Instant Pot Barbacoa Beef Tacos

Alright, now that Easter weekend with its delicious carrot cake and scalloped potatoes is behind us, I am diving full speed ahead into the next (and, in my opinion, most delicious) holiday season of the year…

Cinco de Mayo!!! ???

I mean, let’s be real, I will take just about any excuse to eat Mexican food as often as humanly possible. But I love when late spring rolls around each year and the entire world comes together to celebrate the country who introduced us all to the brilliance of things like…margaritas. And enchiladas, huevos rancheros, tamales, margaritas, mole, horchata, quesadillas, and a thousand other faves. And, of course, my personal favorite…chips and salsa. And everyone’s favorite on Tuesdays…TACOS.
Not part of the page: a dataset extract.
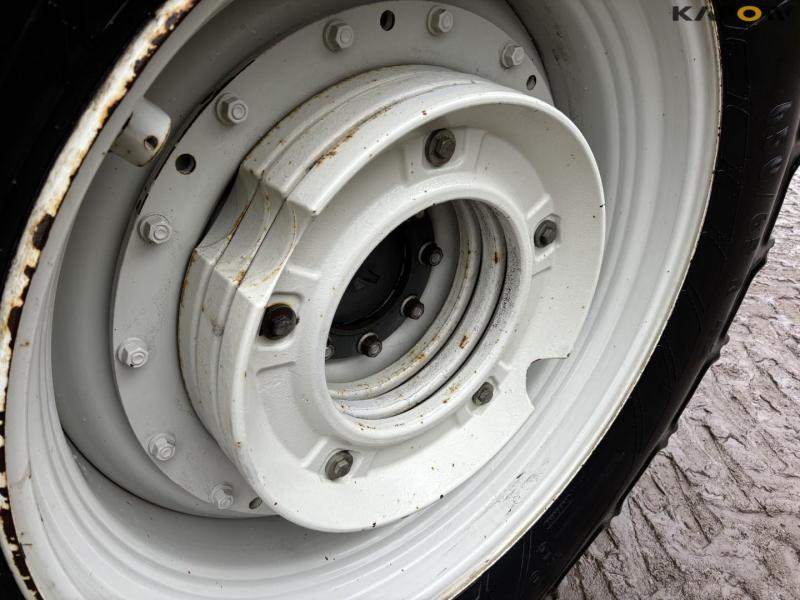 Valtra T234 frontlæsser traktor 74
It’s not a Tuesday at our house if it doesn’t include some form of tacos for breakfast, lunch, or dinner. And ever since we moved across the ocean and I had to minimize my kitchen appliances, I’ve turned into an even bigger fan of using my Instant Pot to cook so many of my favorite slow cooker recipes. Case in point?

My favorite barbacoa recipe.

Instant Pot Barbacoa Beef

Barbacoa Beef…in the Instant Pot!

I originally shared my recipe for barbacoa beef — made in the slow cooker — about 4 years ago here on the blog. And since then, thousands of you have made and loved it. (Yay!)  But lately, everyone has been asking how to translate it to the Instant Pot (affiliate link).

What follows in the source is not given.